This is how desperate emails look like. What happened after that can only be described as a miracle. Apparently there was a person ahead of me who received a full scholarship (tuition + living expenses) and has not accepted the offer yet. So if he rejects it, then I will get go pursue my dreams, FULLY FUNDED. That is not a dream? It is too good to be a dream! Those few nights were sleepless and one fine day, I get this email saying that this person did not accept the study offer. While I'm sure he/she had got a better offer, this was my jackpot. I took it. I grabbed it. I was running around the hostel corridors, called my parents. I was going to fly away, far away. It was all becoming real now and I was slowly digesting it, one by one. These were the years that taught me to dream, overcome struggles, survive on my own, appreciate life and most importantly believe in miracles!


2014- 2016: Who am I?


I have pondered with this phase of life a lot. A recent post (After five years!) I penned down explains some details of how these years went. Although this leap was what I really wanted, I did not realize the depth and difference of what it was until I actually was a part of it. The days and months ran by so fast. These were the years when I started analyzing behavioral traits among people a bit more. This was necessary for me to know how I can behave with someone. It is hard to understand why this was not so important in the previous years. Maybe I was just too young to worry about it or it is probably a western culture. Some facts to support the latter is, the extent to which even friends can keep a distance and privacy. These things did not mean so much until that point in my life. I was also just 21. The transition into adult life probably requires these traits (I learnt this later). Everyone is friendly and polite. But that does not mean you have a close relationship. Sometimes it feels like you are too close yet too superficial. While a majority of acquaintances and relationships pass on like this, you always find people who are as cheerful, direct, flexible to levels that you are comfortable with. These people skip the superficial friends circle to the 'close friends' circle. You need these people when you move half way around the world in this vast planet, from a 700km radius to thousands to kilometers away, they make survival fun. They form your comfort niche. They also shape you. I was lucky to have a good support system and people who welcomed other cultures with open arms. It was not just survival anymore, but life. Hours were spent at the gate waiting for the next plane: to Istanbul or Barcelona or Stockholm or Boston or sometimes, home. Doesn't matter. The only trip that mattered was the first flight from home to "abroad'. Everything else was different versions of the same journey.
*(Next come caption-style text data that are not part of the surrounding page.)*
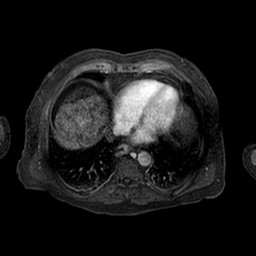 Cirrhosis and hepatocellular carcinoma in the setting of hemochromatosis (Radiopaedia 75394-86594 Axial T1 C+ fat sat 248).jpg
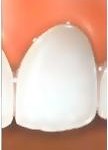 veneers-1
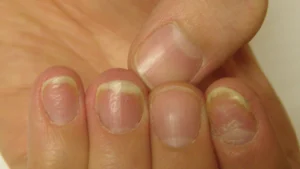 Psoriatic Nail Disease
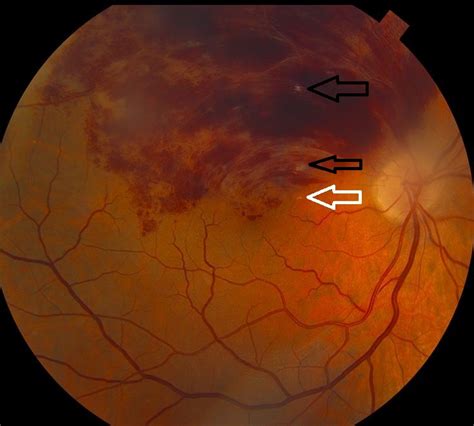 Branch Retinal Vein Occlusion In A Patient With Familial Hyperlipidemia
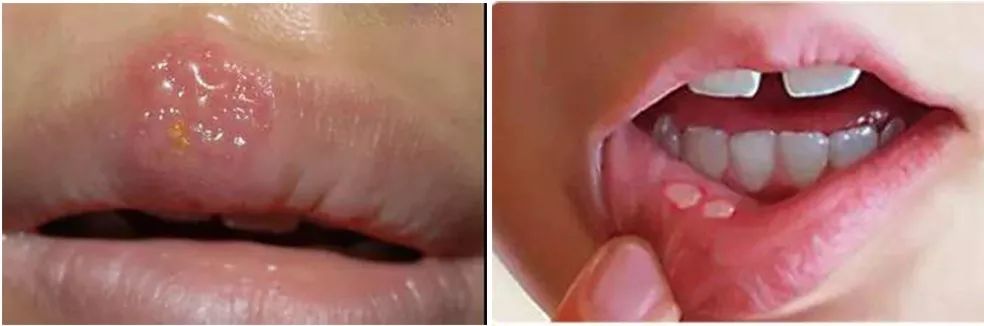 干裂救星护手霜,唇干裂用什么润唇好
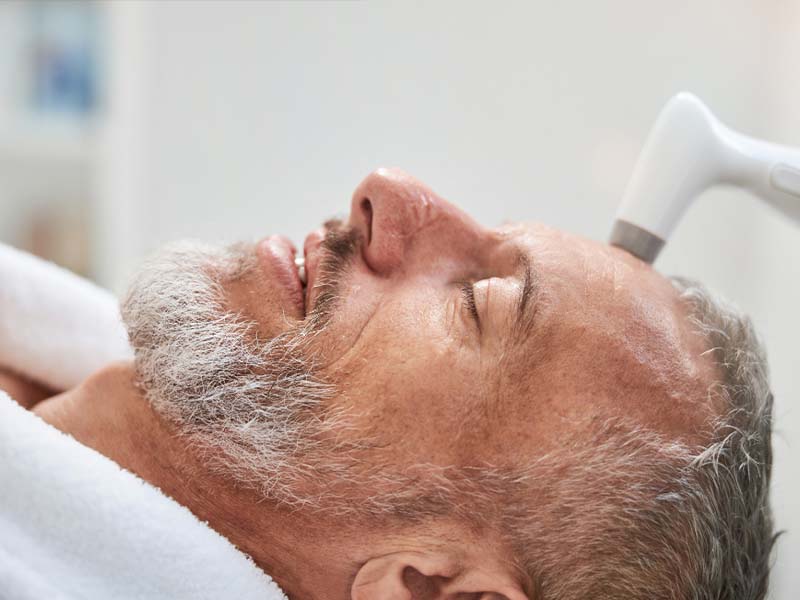 Microdermabrasion treats Sebaceous Hyperplasia
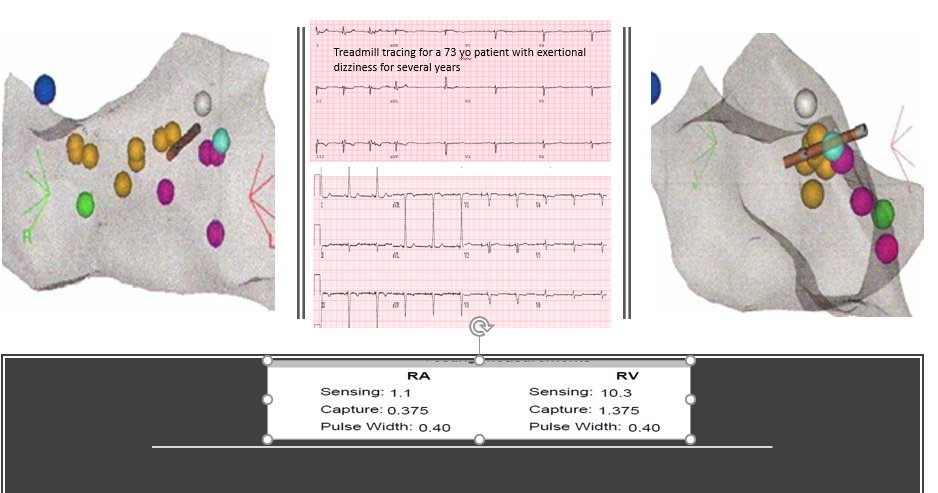 #DontDisTheLBB a case from last January. The pt told me today, "it changed my life." She made me happy.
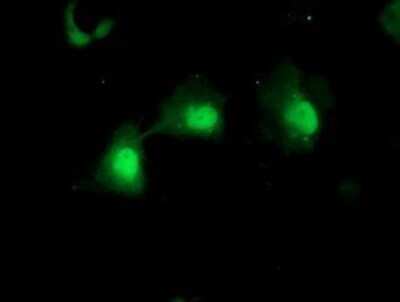 Immunocytochemistry/ Immunofluorescence: Mannose Phosphate Isomerase Antibody (OTI1C7) - Azide and BSA Free [NBP2-72582]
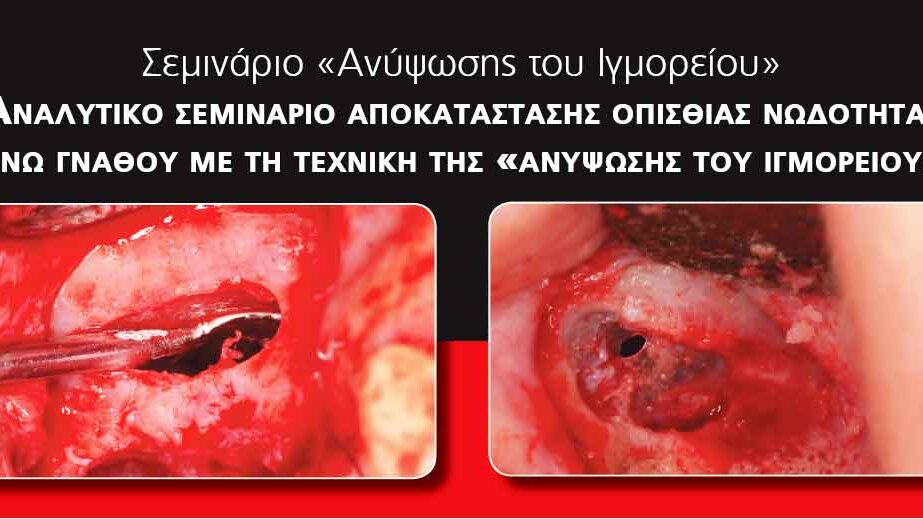 Σεμινάριο ανύψωσης του ιγμορείου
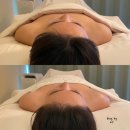 만덕1동-1 | 화명동 피부관리 직각어깨,데콜테 관리 ‘브이오미 에스테틱’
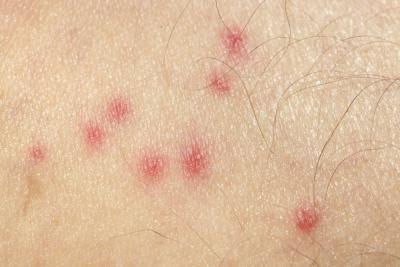 Alternate bug bites.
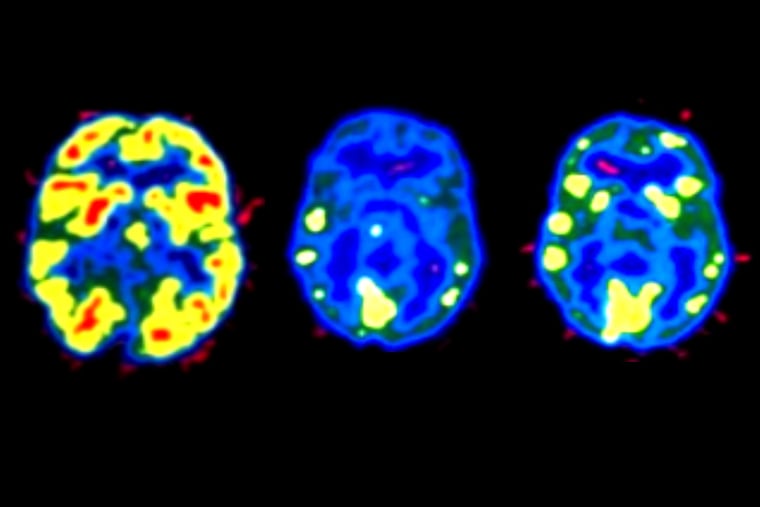 Enhanced PET scans using radioactive tracers show reduced neurotransmitter activity even months after last cocaine use. Cocaine affects brain activity very differently ó and more visibly ó than opioids. But addictions of all kinds can change responses in ways that are beyond an individualís control. SOURCE: Nora D. Volkow, et. al. (1993)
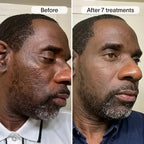 PDRN Advanced Infusion Treatment for Acne Scars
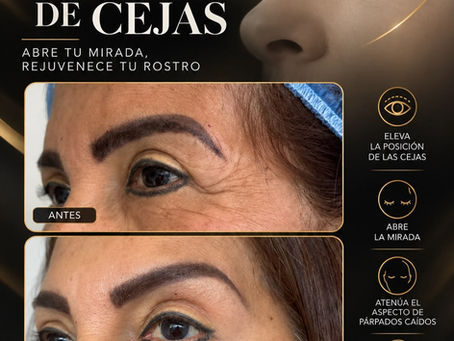 Lifting de cejas quirúrgico en Bogotá, Zona Norte | Dra. Amy Barreto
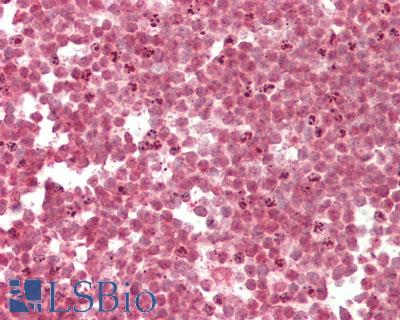 RBM22 Antibody - Human Colon, Lymphoid Aggregate: Formalin-Fixed, Paraffin-Embedded (FFPE)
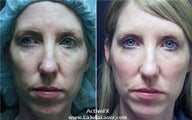 Active FX Fractional Skin Resurfacing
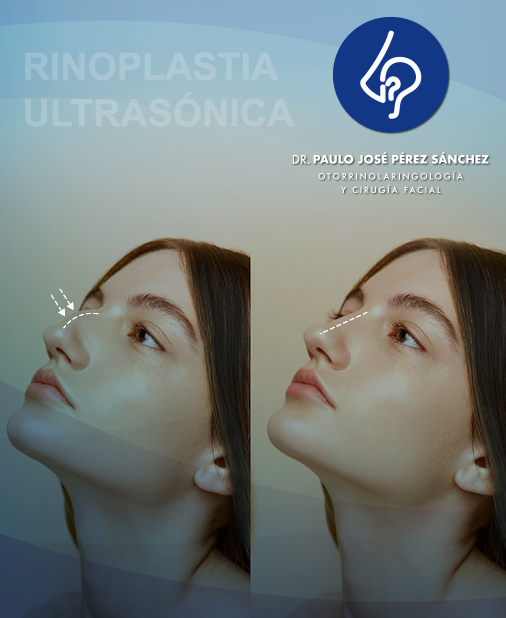 Rinoplastia Ultrasonica Villahermosa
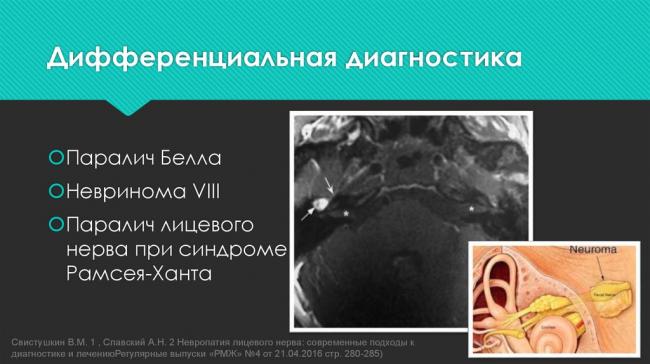 Неврит лицевого нерва – чем опасен и как лечить паралич белла?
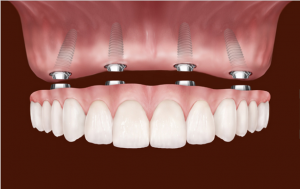 Dental Implants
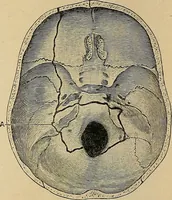 An illustration from Surgical diagnosis / by Edward Martin ... illustrated with 445 engravings and 18 plates in colors and monochrome. (1909)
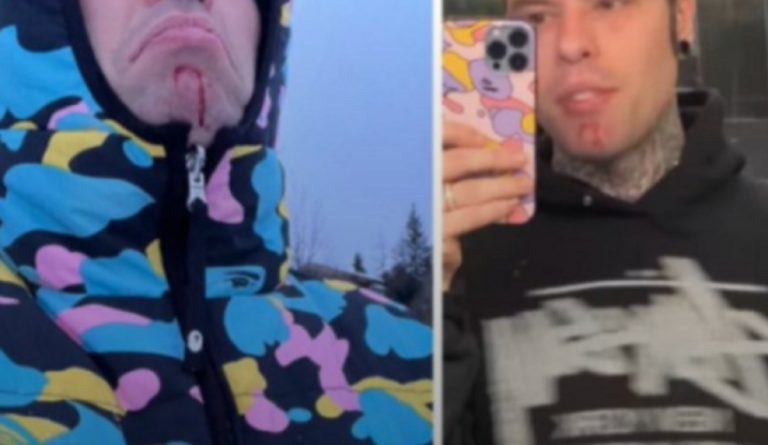 fedez slittino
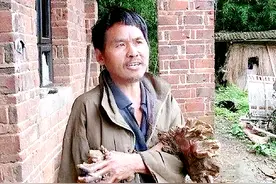 故事：湖南小伙患怪病20多年，被误判鱼痣后，四肢长出枯树枝条图片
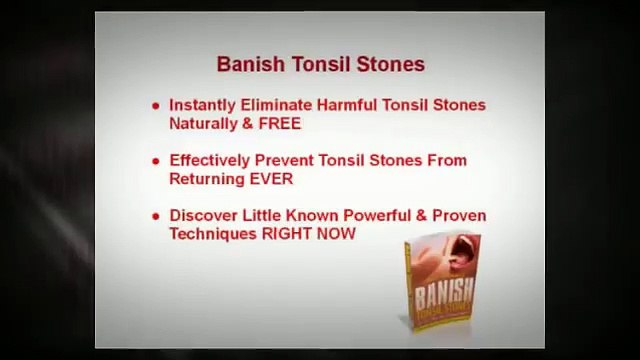 Banish Tonsil Stones | Banish Tonsil Stones PDF Download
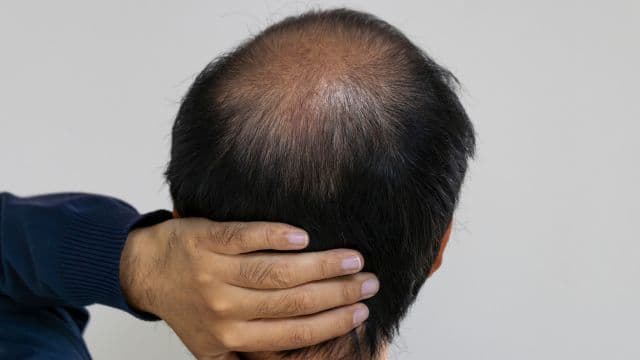 頭頂部薄毛（つむじはげ）の主な原因とは？自宅でできる対策と治療法を解説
I don't think there is anything more scary in life than stepping on the flight to leave home for the first time without a return ticket. Now the world is small, everything is just one flight away or two! And that is a powerful confidence that one can possess. It changes you forever.

2016- present (almost 2020): The Transition


So where did the last six years of learning from life and graduating from two universities take me? It landed me into one of the complex degrees one could possibly take up. PhD. I enrolled as a PhD student in September 2016, two days after graduating from my Masters'. It was a natural transition for me, considering that during my Masters what everyone spoke of was to do a PhD. Besides I liked what I was studying and doing a PhD seemed like actually mastering knowledge. Ofcourse no one explains to you the knitty-gritty details that one is lost in, while actually trying to do something great!. I also wrote a post about the complexities of PhD life ('How is your PhD?'). Thinking about the decade collectively, I realized that some complexities arose during this time that can only be reasoned out as difficulties that prepare you for a transition to real adult life (if that ever exists?). I am 26 years now and starting to understand that transparent opinions are not the general norms everywhere. It depends on several parameters such as where? with whom? to what extent?. If you are 'politically correct' most of the time you are probably better off. But what is the real you if one is just politically correct all the time? A hundred percent of transparency nor diplomacy is a hard burn. One has to find the importance of being in a middle ground. Mastering this may get me ready for life in 30s.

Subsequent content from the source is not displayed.